Task directions = Write the data out again exactly, dropping any images it holds.

Available data =
------

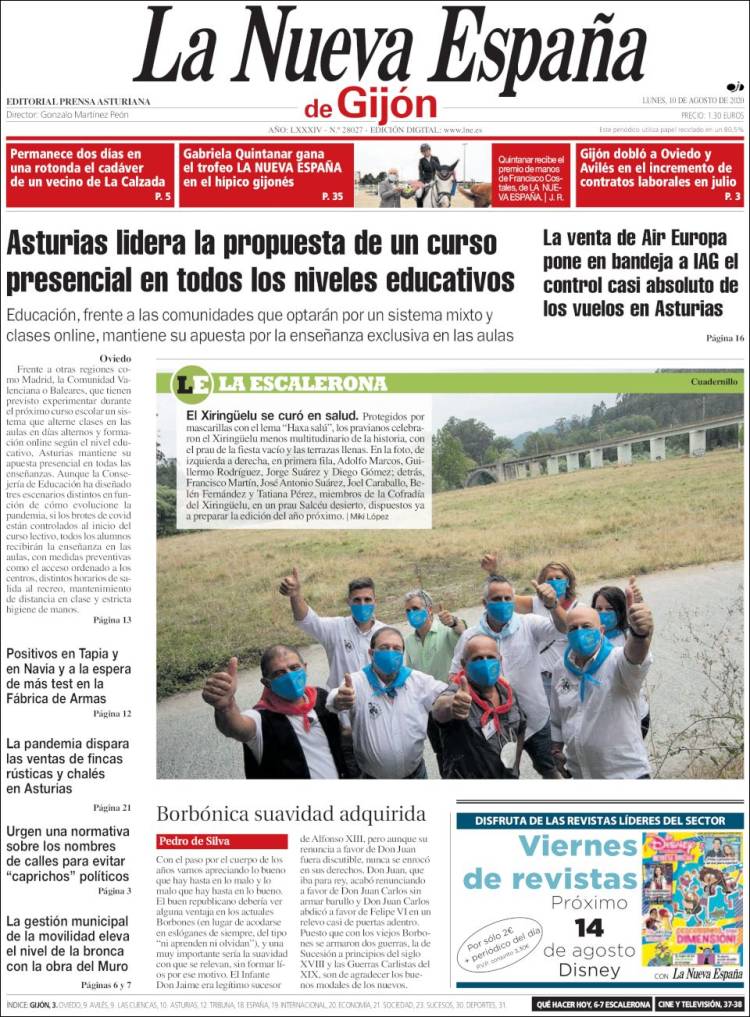 Portada de La Nueva España - Gijón (Espa&ntilde;a)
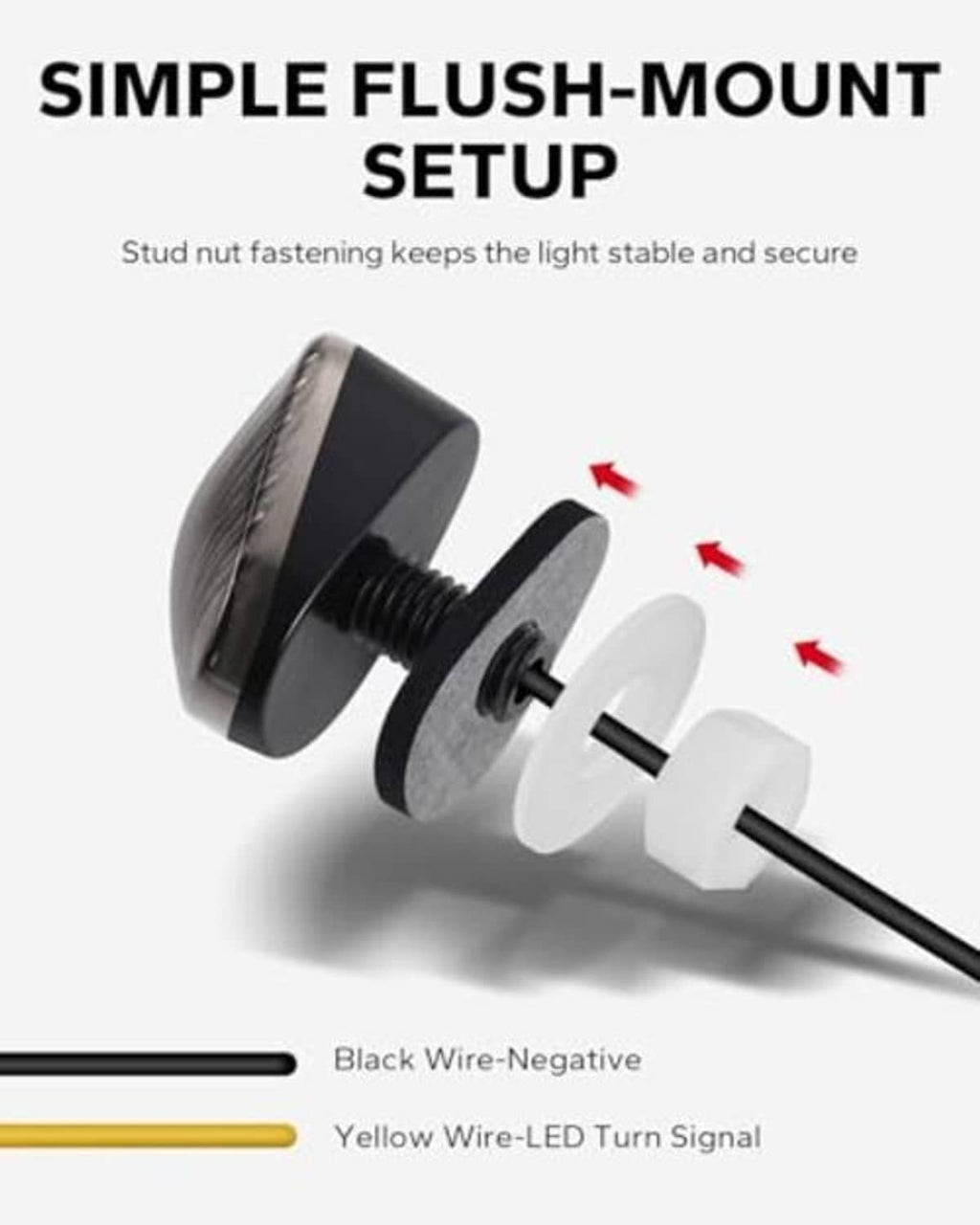 Flush-mount LED turn signal with threaded stud, black housing, and wire leads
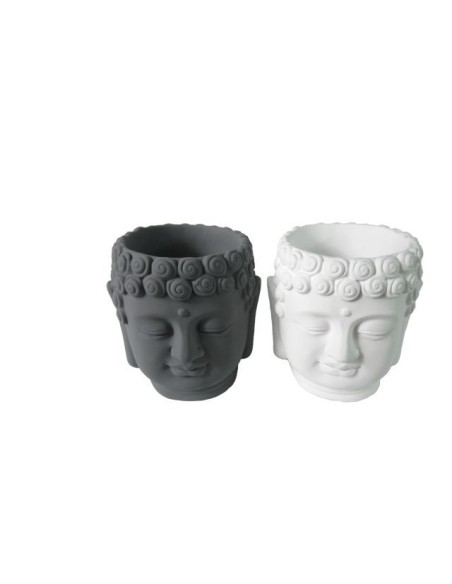 MACETERO CABEZA BUDA BLANCO / GRIS 2/S8,7x8,7x8,2 cm.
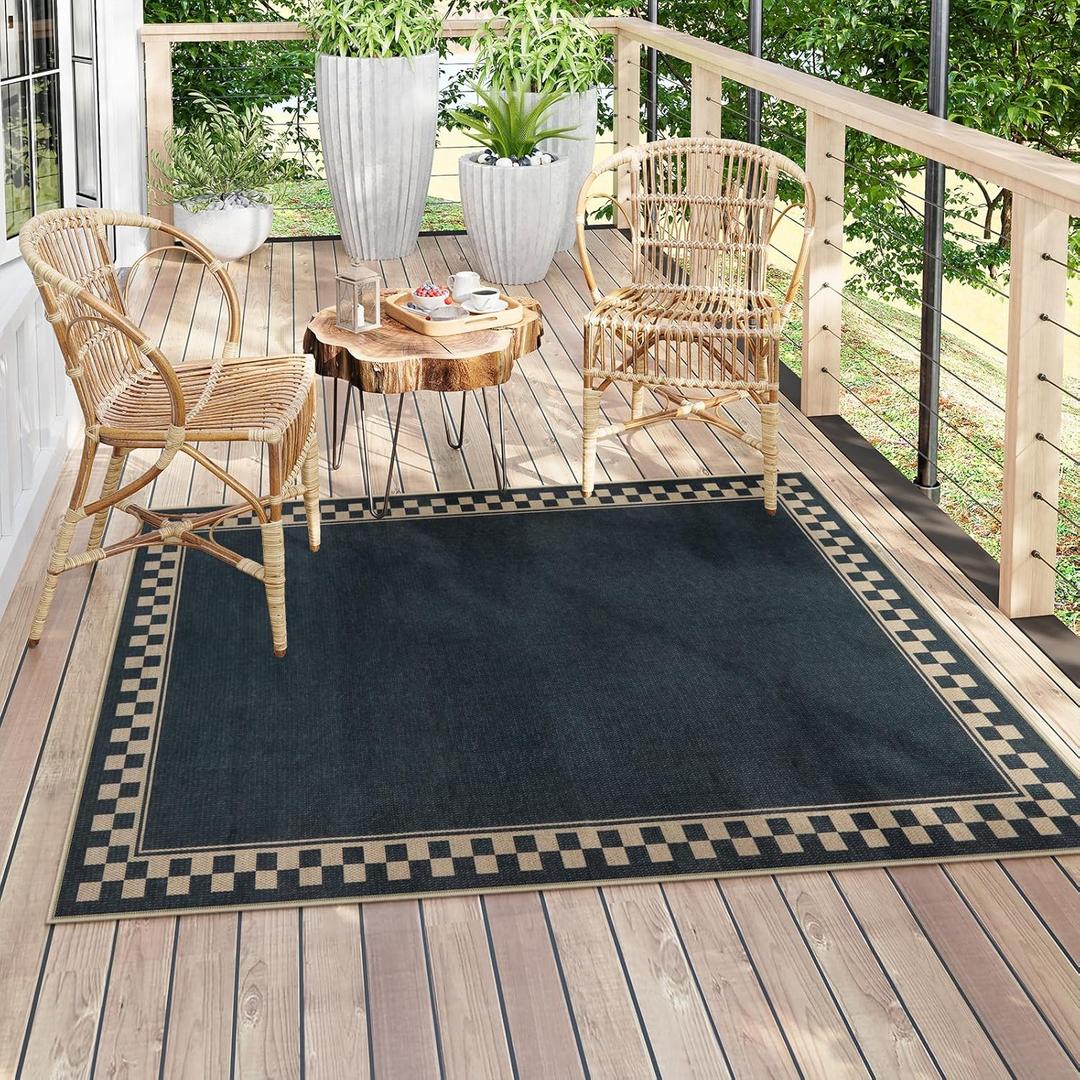 Woven Easy Jute Rug, Outdoor Rug 4'x6' Machine Washable Area Rugs for Living Room, Non Slip Backing Front Porch Rug Black Farmhouse Indoor Outdoor Carpet for Patio Camping Deck Entryway (4' x 6' (Rectangular))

------

Exercise response =
 Portada de La Nueva España - Gijón (Espa&ntilde;a)
 Flush-mount LED turn signal with threaded stud, black housing, and wire leads
 MACETERO CABEZA BUDA BLANCO / GRIS 2/S8,7x8,7x8,2 cm.
 Woven Easy Jute Rug, Outdoor Rug 4'x6' Machine Washable Area Rugs for Living Room, Non Slip Backing Front Porch Rug Black Farmhouse Indoor Outdoor Carpet for Patio Camping Deck Entryway (4' x 6' (Rectangular))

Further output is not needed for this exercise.